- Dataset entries
******
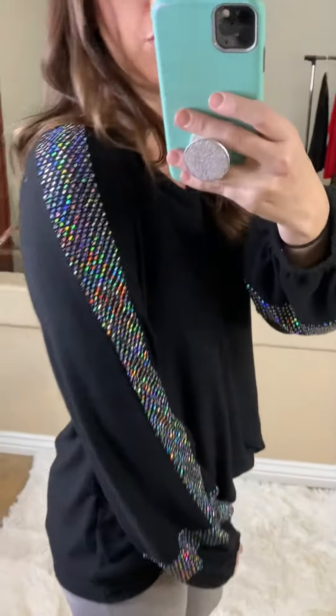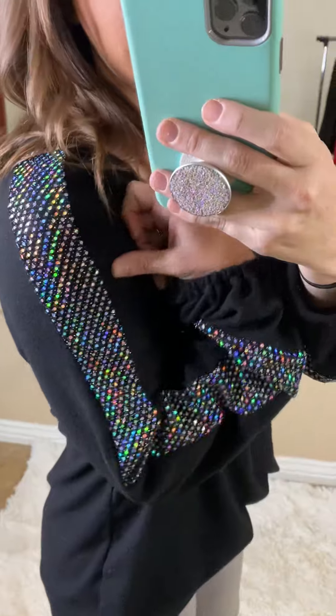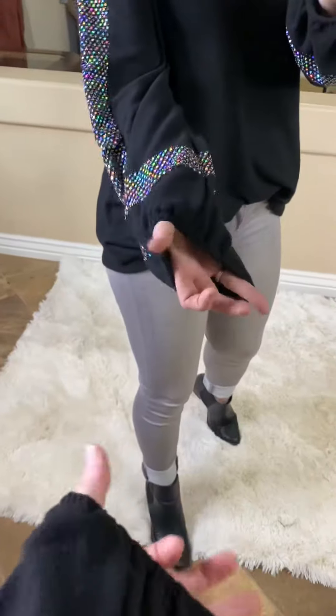It is so beautiful. You can see the sequin material here — it makes it all multicolored too, which I think is what I love the most about it. But then it also has like a bubble sleeve that you can see, and then the wrist right here is stretchy, so that's kind of nice.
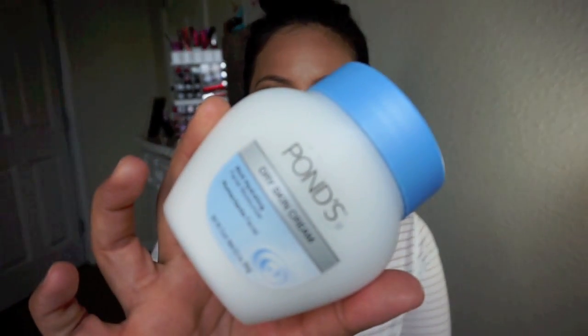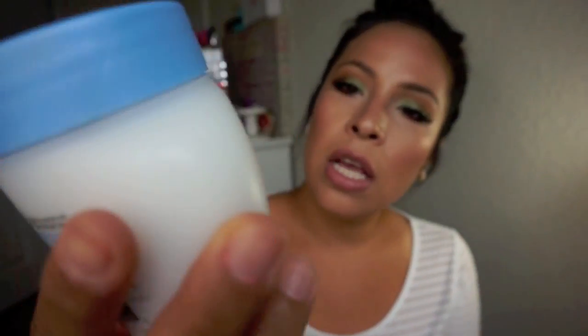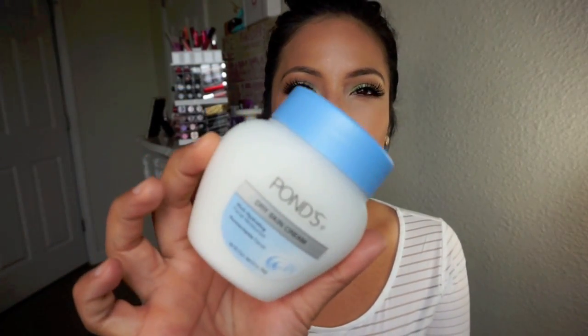The first thing I do is use the Pond Dry Skin Rich Hydrating Facial Moisturizer, because I do have somewhat dry skin. The foundation I've been using non-stop — that you'll notice in every video — is the NARS Sheer Glow Foundation. I'm probably going to stick with that one, just need to color match myself a little better.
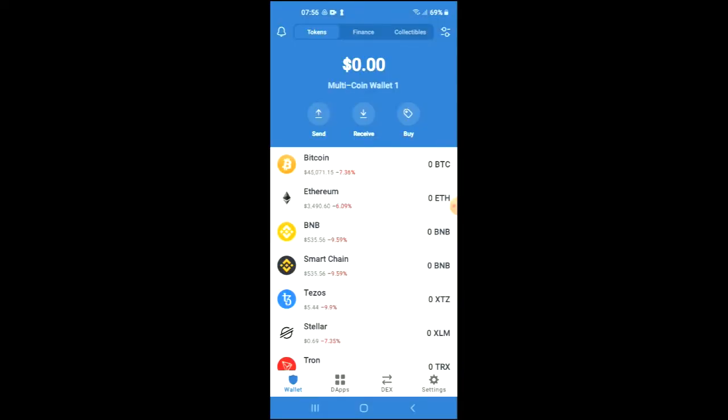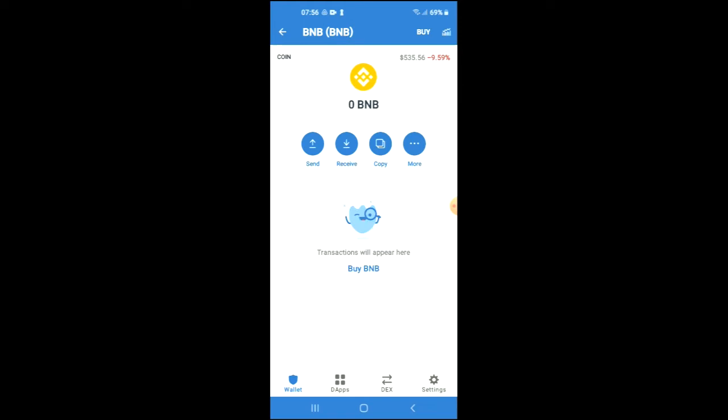you're going to purchase some BNB or some Smart Chain coins. Keep in mind that the minimum amount that you can spend is 50 USD. The BNB that you're purchasing we're going to be swapping for the Bogged Finance crypto.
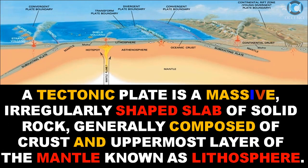A tectonic plate is a massive, irregularly shaped slab of solid rock, generally composed of crust and the uppermost layer of the mantle, known as the lithosphere.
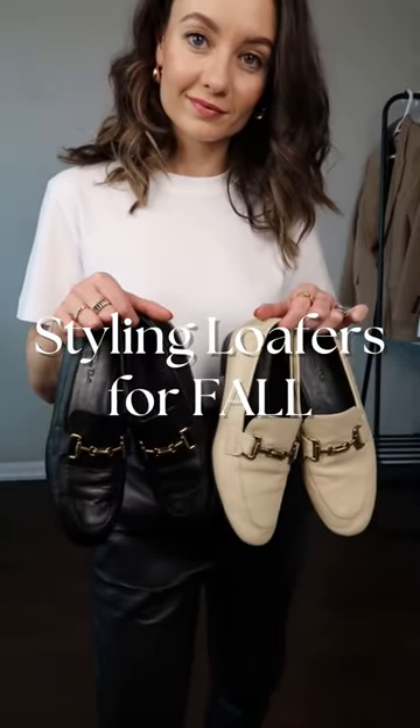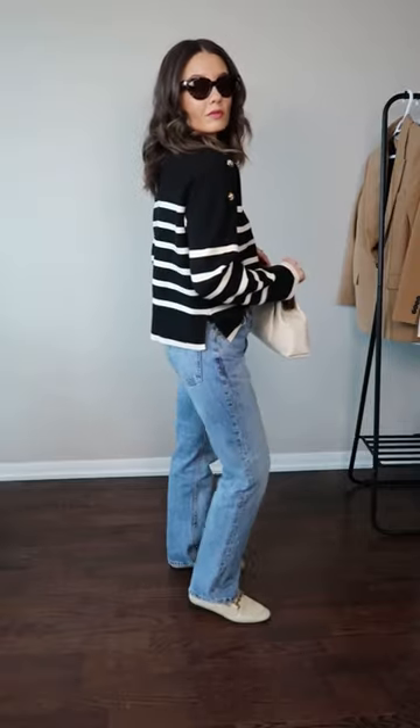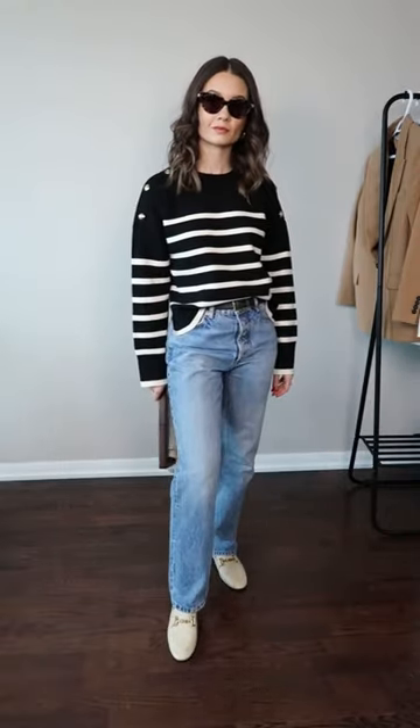How to style your loafers this fall. For a casual chic look that is both comfortable and stylish, pair your loafers with a pair of straight leg jeans and an oversized striped knit.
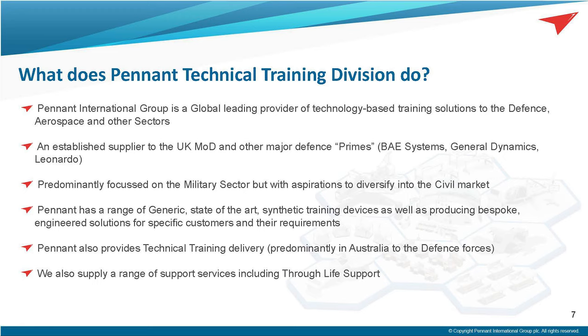So what do we do in training? We are a leading provider of technology-based training solutions for the defence and aerospace and other highly regulated sectors such as nuclear and the rail industry. We're an established supplier to UK MOD and a number of major primes including BAE, General Dynamics, and Leonardo. We're primarily focused in the military sector but have aspirations to diversify into the civil market. We have a range of generic training devices as well as the capability to produce bespoke engineered solutions for specific customers and their specific requirements.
******
- What is required
Whatever the records hold apart from pictures should be repeated exactly.

- Finished task
It is so beautiful. You can see the sequin material here — it makes it all multicolored too, which I think is what I love the most about it. But then it also has like a bubble sleeve that you can see, and then the wrist right here is stretchy, so that's kind of nice.
The first thing I do is use the Pond Dry Skin Rich Hydrating Facial Moisturizer, because I do have somewhat dry skin. The foundation I've been using non-stop — that you'll notice in every video — is the NARS Sheer Glow Foundation. I'm probably going to stick with that one, just need to color match myself a little better.
you're going to purchase some BNB or some Smart Chain coins. Keep in mind that the minimum amount that you can spend is 50 USD. The BNB that you're purchasing we're going to be swapping for the Bogged Finance crypto.
A tectonic plate is a massive, irregularly shaped slab of solid rock, generally composed of crust and the uppermost layer of the mantle, known as the lithosphere.
How to style your loafers this fall. For a casual chic look that is both comfortable and stylish, pair your loafers with a pair of straight leg jeans and an oversized striped knit.
So what do we do in training? We are a leading provider of technology-based training solutions for the defence and aerospace and other highly regulated sectors such as nuclear and the rail industry. We're an established supplier to UK MOD and a number of major primes including BAE, General Dynamics, and Leonardo. We're primarily focused in the military sector but have aspirations to diversify into the civil market. We have a range of generic training devices as well as the capability to produce bespoke engineered solutions for specific customers and their specific requirements.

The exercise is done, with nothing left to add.